Yes, she knew he was right, but she was heartsick. She’d raised Juniper from a colt. It seemed that one by one, everything that mattered in her life was slipping away—the ranch, her horse, her identity, even her courage. She might get them back, but they might be gone forever. Or irrevocably changed.
“My horse is gone. I lost my dress, and my gear.”
He frowned impatiently. “Hell, I’ll get you another dress, if that’ll make you feel better,” he said, waving an arm at their surroundings. “But right now it’s not the most important thing we have to worry about.”
She looked up at Jace’s strained white face, then dropped her gaze to her snow-dusted lap. No, of course it wasn’t the most important thing, but her sense of loss grew heavier, like a burden she could no longer carry. Her shoulders slumped and she suddenly felt too cold and tired to go on. How much could one person take?
As if sensing her looming resignation, Jace gripped her shoulders in his strong hands. “Come on, Kyla, don’t you quit on me,” he ordered. “We’ve come too far to give up now.”
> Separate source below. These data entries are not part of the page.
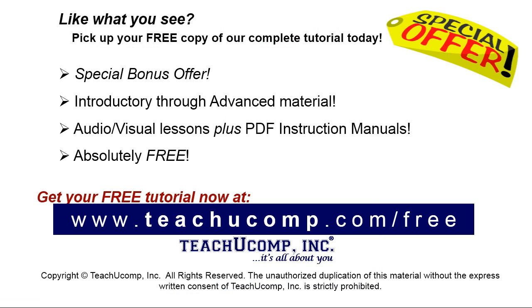Like what you see? Pick up your free copy of the complete tutorial at www.teachucomp.com forward slash free.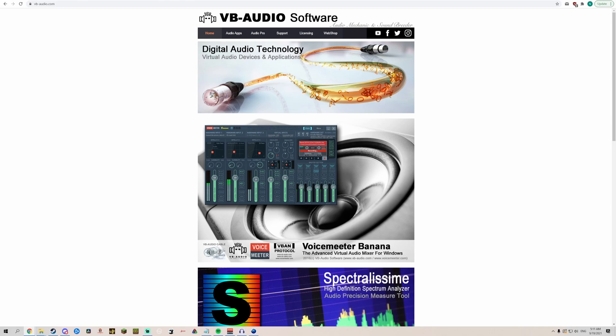With YouTube recently taking down the popular Discord music bots Groovy and Rhythm, many people have been wondering how they will play music through Discord now. This tutorial will show you how to do so using free software.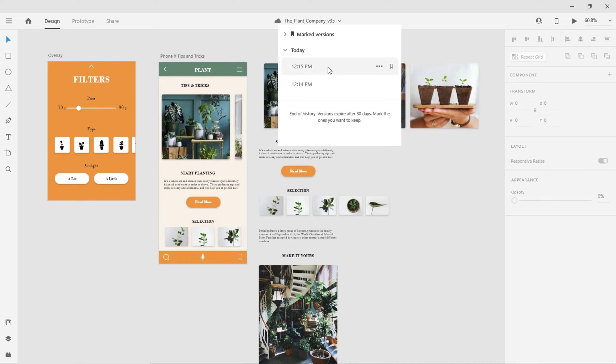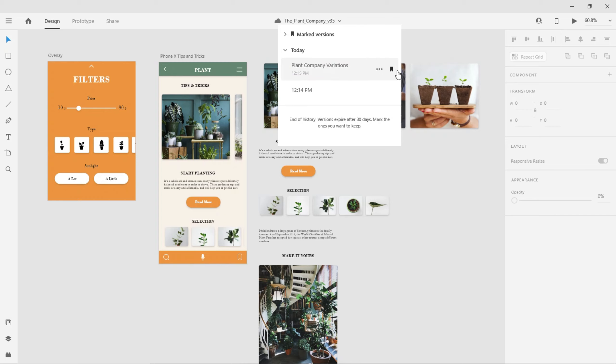To play it safe, I can always bookmark a specific version to keep it indefinitely. I can also add a custom name to any bookmark to keep track of any important milestones throughout my design project. When I open a saved version in a new window,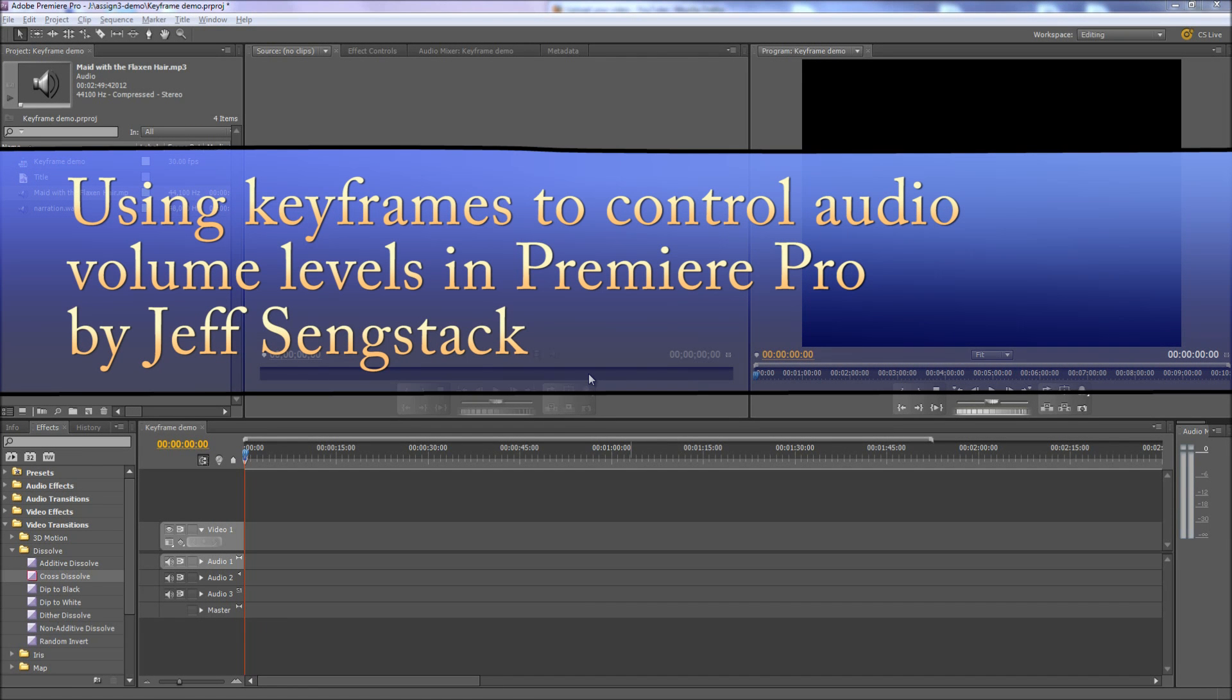Hi folks, Jeff Zangstack here. I want to show you how to use keyframes to control audio volume levels in Premiere Pro.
“M-my arm hurts,” she fretted wearily. Hot tears sprang to her eyes, this time from utter despair. She hated to cry in front of anyone, especially Jace. He’d think she was just a weak, puling female. But in her misery she couldn’t stop herself, and she began sobbing in earnest. “And—and I’m so cold.”
He studied her for a moment, his gaze touching her mouth, her eyes. Then he did the most astounding thing. He opened his duster and took her into his embrace, closing the edges of the coat around her. Pressing her cheek to the wall of his chest, he murmured, “I know you’re cold, honey, but we have to get out of here or we’ll freeze to death.”